2 If you earn money while on leave- the government will take its money back
You might want to augment your earnings by working – but be aware that it lowers your EI benefits. If you work while on EI maternity benefits – the government will deduct every earned dollar from your benefits. If you work while receiving EI parental benefits, you can earn up to $50 per week or 25% of your weekly benefit before any deductions are made. But, until Aug 6, a pilot project is in place, where you are able to keep 50 cents of your benefits for every dollar you earn, up to 90% of the weekly earning used to calculate your EI benefits.
3 Find out if your employer is willing to top up your EI
Even though it’s rare- some employers choose to top up EI benefits for their employees. Most view this as an important tool to retain valuable employees. In most situations- contracts are in place where employees agree to return to the same place of work with the same employer.
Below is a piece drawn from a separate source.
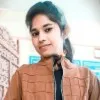 LALITA VERMA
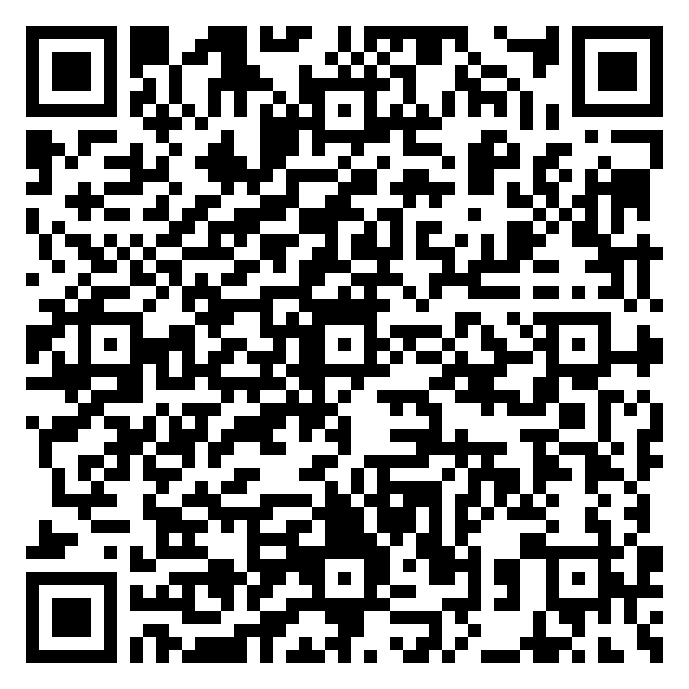 kod QR z danymi kontaktowymi 52887903500000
For example – an employer may agree to top up your benefits up to 70% of your earnings. If you are one of those lucky employees, you may want to continue contributing to your pension plan and pay premiums for your group insurance. Since the financial impact will not be as severe, you should continue with your financial plan and saving for the future.
4 Set up an emergency fund
If you need more time at home with your baby after your leave, or decide to have a second baby, you will need a significant amount of savings to cover your expenses. Even though two income families now comprise a majority- you might want to try and see if you can get by on only one income. Check to see if you can live with only one spouse working or start working part time and open your own business- daycare anyone?
5 Budget is necessary
You want the best for your baby- but at the same time you don’t want to forget about your bank account. It’s easy to get carried away with all the cutesiness and start spending away. While at it, make sure to set aside money for your retirement, along with investing in your education and health.
Fortunately, you can take advantage of government programs- there’s nothing better than free money. Take RESP -registered education plan for children- where the government matches your contributions. This can also be enhanced by the provincial own programs where they will kick in money just for opening an RESP ($1200 grant in BC for example).